◆ **WHAT NEEDS TO BE DONE**:
In full and without change, transcribe the records below.

◆ **DATA EXTRACT**:
────────────────────────────────────────

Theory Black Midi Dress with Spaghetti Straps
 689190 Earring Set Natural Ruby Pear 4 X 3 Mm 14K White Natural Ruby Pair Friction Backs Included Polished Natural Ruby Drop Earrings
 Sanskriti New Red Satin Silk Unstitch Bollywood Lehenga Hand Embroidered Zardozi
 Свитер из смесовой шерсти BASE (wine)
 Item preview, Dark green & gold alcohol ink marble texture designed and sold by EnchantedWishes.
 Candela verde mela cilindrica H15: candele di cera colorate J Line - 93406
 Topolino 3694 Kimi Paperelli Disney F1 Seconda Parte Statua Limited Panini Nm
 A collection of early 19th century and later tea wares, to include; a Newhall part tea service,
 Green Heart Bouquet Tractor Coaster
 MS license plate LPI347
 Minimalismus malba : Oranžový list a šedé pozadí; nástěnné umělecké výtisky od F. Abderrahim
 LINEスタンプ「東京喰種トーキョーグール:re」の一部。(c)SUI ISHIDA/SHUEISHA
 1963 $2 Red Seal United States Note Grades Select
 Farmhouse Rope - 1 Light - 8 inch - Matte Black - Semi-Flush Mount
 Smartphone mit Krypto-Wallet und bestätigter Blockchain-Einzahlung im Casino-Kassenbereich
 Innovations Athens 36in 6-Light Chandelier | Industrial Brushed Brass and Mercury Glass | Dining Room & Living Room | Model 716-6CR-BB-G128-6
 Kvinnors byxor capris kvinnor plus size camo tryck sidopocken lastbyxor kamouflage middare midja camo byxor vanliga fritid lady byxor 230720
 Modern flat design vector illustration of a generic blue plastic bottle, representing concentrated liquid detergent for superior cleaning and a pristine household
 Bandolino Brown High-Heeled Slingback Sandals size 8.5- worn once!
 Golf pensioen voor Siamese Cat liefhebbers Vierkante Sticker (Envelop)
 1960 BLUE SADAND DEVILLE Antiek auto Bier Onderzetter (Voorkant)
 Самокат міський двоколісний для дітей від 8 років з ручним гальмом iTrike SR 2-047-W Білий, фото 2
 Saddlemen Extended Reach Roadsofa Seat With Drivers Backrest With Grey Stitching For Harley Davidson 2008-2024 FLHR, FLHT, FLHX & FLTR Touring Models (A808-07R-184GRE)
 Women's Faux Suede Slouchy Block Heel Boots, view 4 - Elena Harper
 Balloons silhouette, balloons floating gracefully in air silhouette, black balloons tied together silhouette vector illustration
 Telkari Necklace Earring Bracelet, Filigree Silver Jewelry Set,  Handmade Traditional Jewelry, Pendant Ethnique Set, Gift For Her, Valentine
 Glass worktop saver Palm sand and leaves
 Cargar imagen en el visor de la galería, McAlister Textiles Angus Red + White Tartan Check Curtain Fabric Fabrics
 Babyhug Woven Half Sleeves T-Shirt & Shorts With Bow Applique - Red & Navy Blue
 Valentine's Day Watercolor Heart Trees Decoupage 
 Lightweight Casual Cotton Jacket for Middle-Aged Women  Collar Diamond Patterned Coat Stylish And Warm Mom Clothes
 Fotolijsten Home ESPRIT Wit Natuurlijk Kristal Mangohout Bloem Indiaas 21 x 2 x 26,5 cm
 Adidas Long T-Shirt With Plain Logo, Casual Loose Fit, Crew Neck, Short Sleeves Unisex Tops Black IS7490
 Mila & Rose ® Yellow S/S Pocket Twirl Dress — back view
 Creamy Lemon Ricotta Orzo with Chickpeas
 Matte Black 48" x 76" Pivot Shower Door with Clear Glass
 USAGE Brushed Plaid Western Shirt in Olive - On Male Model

────────────────────────────────────────

◆ **EXERCISE ANSWER**:
Theory Black Midi Dress with Spaghetti Straps
 689190 Earring Set Natural Ruby Pear 4 X 3 Mm 14K White Natural Ruby Pair Friction Backs Included Polished Natural Ruby Drop Earrings
 Sanskriti New Red Satin Silk Unstitch Bollywood Lehenga Hand Embroidered Zardozi
 Свитер из смесовой шерсти BASE (wine)
 Item preview, Dark green & gold alcohol ink marble texture designed and sold by EnchantedWishes.
 Candela verde mela cilindrica H15: candele di cera colorate J Line - 93406
 Topolino 3694 Kimi Paperelli Disney F1 Seconda Parte Statua Limited Panini Nm
 A collection of early 19th century and later tea wares, to include; a Newhall part tea service,
 Green Heart Bouquet Tractor Coaster
 MS license plate LPI347
 Minimalismus malba : Oranžový list a šedé pozadí; nástěnné umělecké výtisky od F. Abderrahim
 LINEスタンプ「東京喰種トーキョーグール:re」の一部。(c)SUI ISHIDA/SHUEISHA
 1963 $2 Red Seal United States Note Grades Select
 Farmhouse Rope - 1 Light - 8 inch - Matte Black - Semi-Flush Mount
 Smartphone mit Krypto-Wallet und bestätigter Blockchain-Einzahlung im Casino-Kassenbereich
 Innovations Athens 36in 6-Light Chandelier | Industrial Brushed Brass and Mercury Glass | Dining Room & Living Room | Model 716-6CR-BB-G128-6
 Kvinnors byxor capris kvinnor plus size camo tryck sidopocken lastbyxor kamouflage middare midja camo byxor vanliga fritid lady byxor 230720
 Modern flat design vector illustration of a generic blue plastic bottle, representing concentrated liquid detergent for superior cleaning and a pristine household
 Bandolino Brown High-Heeled Slingback Sandals size 8.5- worn once!
 Golf pensioen voor Siamese Cat liefhebbers Vierkante Sticker (Envelop)
 1960 BLUE SADAND DEVILLE Antiek auto Bier Onderzetter (Voorkant)
 Самокат міський двоколісний для дітей від 8 років з ручним гальмом iTrike SR 2-047-W Білий, фото 2
 Saddlemen Extended Reach Roadsofa Seat With Drivers Backrest With Grey Stitching For Harley Davidson 2008-2024 FLHR, FLHT, FLHX & FLTR Touring Models (A808-07R-184GRE)
 Women's Faux Suede Slouchy Block Heel Boots, view 4 - Elena Harper
 Balloons silhouette, balloons floating gracefully in air silhouette, black balloons tied together silhouette vector illustration
 Telkari Necklace Earring Bracelet, Filigree Silver Jewelry Set,  Handmade Traditional Jewelry, Pendant Ethnique Set, Gift For Her, Valentine
 Glass worktop saver Palm sand and leaves
 Cargar imagen en el visor de la galería, McAlister Textiles Angus Red + White Tartan Check Curtain Fabric Fabrics
 Babyhug Woven Half Sleeves T-Shirt & Shorts With Bow Applique - Red & Navy Blue
 Valentine's Day Watercolor Heart Trees Decoupage 
 Lightweight Casual Cotton Jacket for Middle-Aged Women  Collar Diamond Patterned Coat Stylish And Warm Mom Clothes
 Fotolijsten Home ESPRIT Wit Natuurlijk Kristal Mangohout Bloem Indiaas 21 x 2 x 26,5 cm
 Adidas Long T-Shirt With Plain Logo, Casual Loose Fit, Crew Neck, Short Sleeves Unisex Tops Black IS7490
 Mila & Rose ® Yellow S/S Pocket Twirl Dress — back view
 Creamy Lemon Ricotta Orzo with Chickpeas
 Matte Black 48" x 76" Pivot Shower Door with Clear Glass
 USAGE Brushed Plaid Western Shirt in Olive - On Male Model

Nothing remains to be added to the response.